Puede ser que muchos médicos vean como negocio la venta de recetas y que estas se coticen a precios altos; (se requiere papeleo, expediente clínico, y revisión de la autoridad de salud para obtener la mariguana) y en tal caso, puede ser que los enfermos decidan comprar la mariguana en la calle, donde su disponibilidad no requiere cumplir tantos requisitos ni tan altos precios o simplemente opten por cultivarla en casa.

PROPIEDADES
A la mariguana y a sus derivados, se les atribuye valor curativo, lo cual ya ha sido demostrado médicamente y se afirma que disminuye la presión sanguínea, evita náuseas y vómitos en pacientes que reciben quimio o radioterapia, estimula el apetito y revigoriza al paciente.

También se afirma que actúa como broncodilatador y como relajante.

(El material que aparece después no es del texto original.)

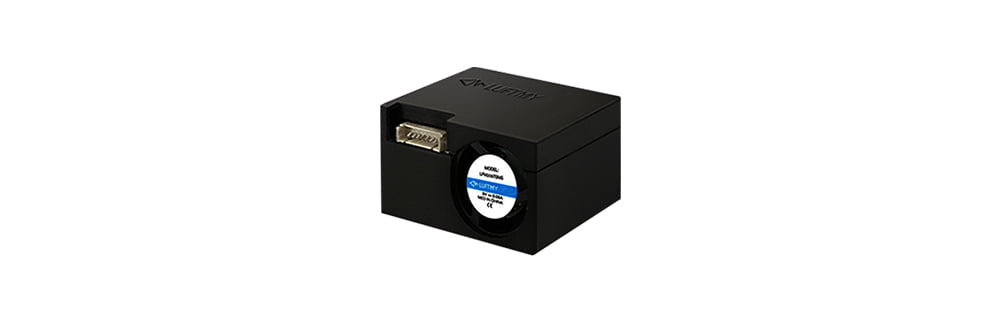 探索激光传感器的多面特性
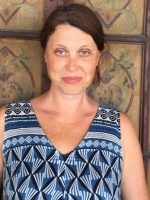 Андреева Анна Анатольевна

Es capaz de aliviar dolores fuertes como los del parto y menstruación, en fracturas y dolores de tipo neurálgico y reumático.

Dentro de sus propiedades se encuentra la de disminuir la presión intraocular en casos de glaucoma, de aliviar los efectos secundarios de la quimioterapia, ayudar en las crisis convulsivas de la epilepsia, mejorar la anorexia y la depresión, y una variedad de trastornos comunes, pero sobre todo en casos de dolor por cáncer.

Ahora cabe otra pregunta, ¿si la mariguana tiene todas estas propiedades medicinales, y ya está reconocido su uso con estos fines en 14 estados de la unión americana, no debería estar aprobada ya por la conocida agencia de alimentos y drogas FDA? Entonces, esta agencia no debe retardar su aprobación, junto con la autorización a los laboratorios farmacéuticos para desarrollar productos con base en los principios activos de la mariguana para que las personas que lo requieran puedan tomar una cápsula o inyección de la droga en lugar de fumársela.

La mariguana para usos medicinales deberá entrar en un sistema de comercialización controlada igual que los medicamentos derivados del opio u opiáceos, destinados a pacientes específicos, de acuerdo a criterio médico.

De otra forma, cabría la pregunta a una persona que fuma mariguana, ¿usted fuma solamente por placer o se está “medicando”?.